The Morning Federal Newscast is a daily compilation of the stories you hear Federal Drive hosts Tom Temin and Emily Kopp discuss throughout the show each day. The Newscast is designed to give users more information about the stories you hear on the air.

  • A new bill in in the Senate is aimed at cutting improper payments by the Centers for Medicare and Medicaid Services. It’s called the PRIME Act, and it has both Democratic and Republican sponsors. By one government estimate, waste, fraud and abuse costs CMS $44 billion a year. The bill targets payments made to illegitimate beneficiaries. The PRIME Act would require CMS to more closely track and prevent overpayments. Now it mostly discovers them after the fact and tries to recover. The bill would also require contractors to meet certain accuracy requirements or face penalties. A similar bill in 2011 died in committee. (Federal News Radio)

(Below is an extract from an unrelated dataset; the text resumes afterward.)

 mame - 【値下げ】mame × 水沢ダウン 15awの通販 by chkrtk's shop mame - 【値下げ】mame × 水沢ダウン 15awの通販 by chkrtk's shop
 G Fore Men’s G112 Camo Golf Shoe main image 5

  • Revelations about National Security Agency surveillance have spawned their first lawsuit. The American Civil Liberties Union has sued the Obama administration. It’s asking the government to stop a phone-tracking program that collects the telephone records of millions of Americans. The ACLU says the program is unconstitutional. It wants all phone metadata purged. It filed the suit in federal court in New York. Defendants include intelligence director James Clapper and FBI Director Robert Mueller, also Attorney General Eric Holder and Defense Secretary Chuck Hagel. The NSA has been gathering the data under an order from the Foreign Intelligence Surveillance Court. (Federal News Radio)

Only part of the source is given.